-------- Records supplied
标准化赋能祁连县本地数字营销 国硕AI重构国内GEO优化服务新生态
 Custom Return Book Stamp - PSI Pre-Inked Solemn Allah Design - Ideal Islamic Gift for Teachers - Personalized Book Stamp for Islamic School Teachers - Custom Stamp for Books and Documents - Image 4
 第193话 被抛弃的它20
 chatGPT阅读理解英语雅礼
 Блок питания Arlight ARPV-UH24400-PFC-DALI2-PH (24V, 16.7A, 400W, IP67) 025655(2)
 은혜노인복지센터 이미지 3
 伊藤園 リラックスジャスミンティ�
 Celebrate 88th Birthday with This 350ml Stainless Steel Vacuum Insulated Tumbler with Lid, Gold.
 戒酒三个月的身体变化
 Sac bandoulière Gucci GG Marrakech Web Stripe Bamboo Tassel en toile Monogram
----------------
What the task requires:
Exactly as they stand, repeat all the records.

Task result:
标准化赋能祁连县本地数字营销 国硕AI重构国内GEO优化服务新生态
 Custom Return Book Stamp - PSI Pre-Inked Solemn Allah Design - Ideal Islamic Gift for Teachers - Personalized Book Stamp for Islamic School Teachers - Custom Stamp for Books and Documents - Image 4
 第193话 被抛弃的它20
 chatGPT阅读理解英语雅礼
 Блок питания Arlight ARPV-UH24400-PFC-DALI2-PH (24V, 16.7A, 400W, IP67) 025655(2)
 은혜노인복지센터 이미지 3
 伊藤園 リラックスジャスミンティ�
 Celebrate 88th Birthday with This 350ml Stainless Steel Vacuum Insulated Tumbler with Lid, Gold.
 戒酒三个月的身体变化
 Sac bandoulière Gucci GG Marrakech Web Stripe Bamboo Tassel en toile Monogram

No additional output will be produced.